One of my (oft repeated) complaints about standard distributions such as Gentoo, Debian or Fedora Core, is that I slaughter their package managers very quickly. I don't know if it's the combination of packages, the number of packages, the phase of the moon, or what, but I have yet to get even three months without having to do some serious manual remodelling of the package database to keep things going. By "keep things going", I literally mean just that. I have routinely pushed Gentoo (by doing nothing more than enabling some standard options and adding a few USE flags) to the point where it is completely incapable of building so much as a "Hello World" program, and have reduced Fedora Core to tears. That this is even possible on a modern distribution is shocking. Half the reason for moving away from the SLS and Slackware models is to eliminate conflicts and interdependency issues. Otherwise, there is zero advantage in an RPM over a binary tarfile. If anything, the tarfile has fewer overheads.

Next on my list of things to savagely maul is the content of distributions. People complain about distributions being too big, but that's because they're not organized. In the SLS days, if you didn't want a certain set of packages, you didn't download that set. It was really that simple. Slackware is still that way today and it's a good system. If Fedora Core was the baseline system and nothing more, it would take one CD, not one DVD. If every trove category took one or two more CDs each, you could very easily pick and choose the sets that applied to your personal needs, rather than some totally generic set.

My mood is not helped by the fact that my Freshmeat account shows me to have bookmarked close to three hundred fairly common programs that (glancing at their records) appear to be extremely popular that do not exist on any of the three distributions I typically use. This is not good. Three hundred obscure programs I could understand. Three hundred extremely recent programs I could also understand - nobody would have had time to add them to the package collection. Some of these are almost as old as Freshmeat itself. In my books, that is more than enough time.

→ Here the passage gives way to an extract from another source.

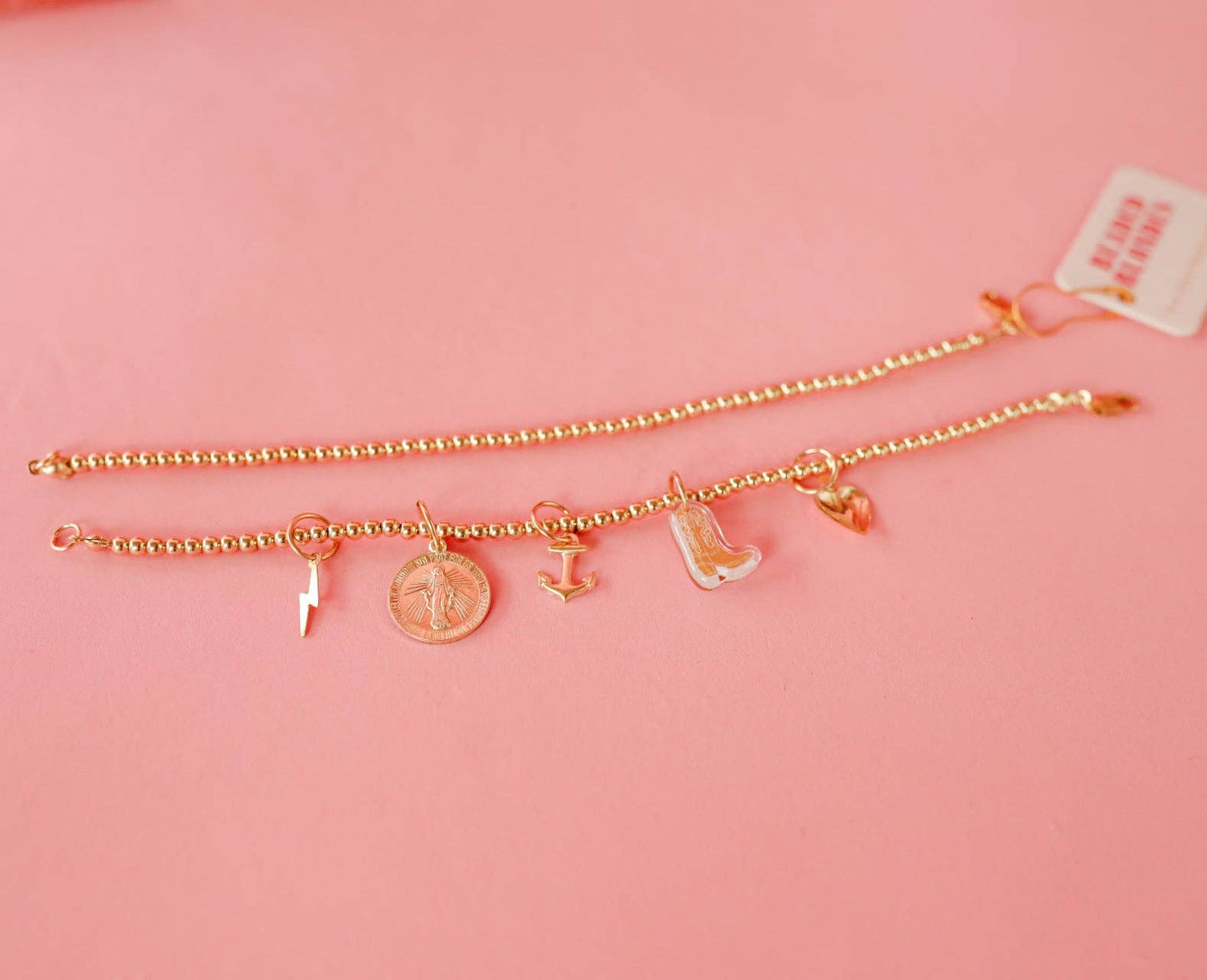 3MM Gold Bracelet (with clasp)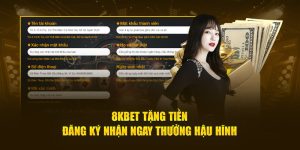 8kbet tặng tiền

And what of the packages I have bookmarked that are in the distros? The distros can sometimes be many years out-of-date. When dependencies are often as tightly-coupled to particular versions as they generally are, a few weeks can be a long time. Four to five years is just not acceptable. In this line of work, four to five years is two entire generations of machine, an almost total re-write of the OS and possibly an entire iteration of the programming language. Nobody can seriously believe that letting a package stagnate that long is remotely sensible, can they?

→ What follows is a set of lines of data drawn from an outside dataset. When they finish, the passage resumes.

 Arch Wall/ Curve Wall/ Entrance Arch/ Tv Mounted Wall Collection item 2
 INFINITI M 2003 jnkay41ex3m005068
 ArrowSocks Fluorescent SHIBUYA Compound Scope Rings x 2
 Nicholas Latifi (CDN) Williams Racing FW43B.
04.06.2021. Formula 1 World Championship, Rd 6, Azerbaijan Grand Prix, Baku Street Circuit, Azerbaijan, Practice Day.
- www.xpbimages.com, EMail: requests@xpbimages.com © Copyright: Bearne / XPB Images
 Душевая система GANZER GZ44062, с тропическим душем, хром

I'll finish up with my favorite gripe - tuning - but this time I'm going to attack kernel tuning. There almost isn't any. Linux supports all kinds of mechanisms for auto-tuning - either built-in or as third-party patches. And if you look at Fedora Core's SRPM for the kernel, it becomes very very obvious almost immediately that those guys are not afraid of patches or of playing with the configuration file. So why do I end up invariably adding patches to the set for network and process tuning, and re-crafting the config file to eliminate impossible options, debug/trace code that should absolutely never be enabled on a production system (and should be reserved solely for the debug kernels they also provide), and clean up stuff that they could just as easily have probed for? (lspci isn't there as art deco. If a roll-your-own-kernel script isn't going to make use of the system information the kernel provides, what the hell is?)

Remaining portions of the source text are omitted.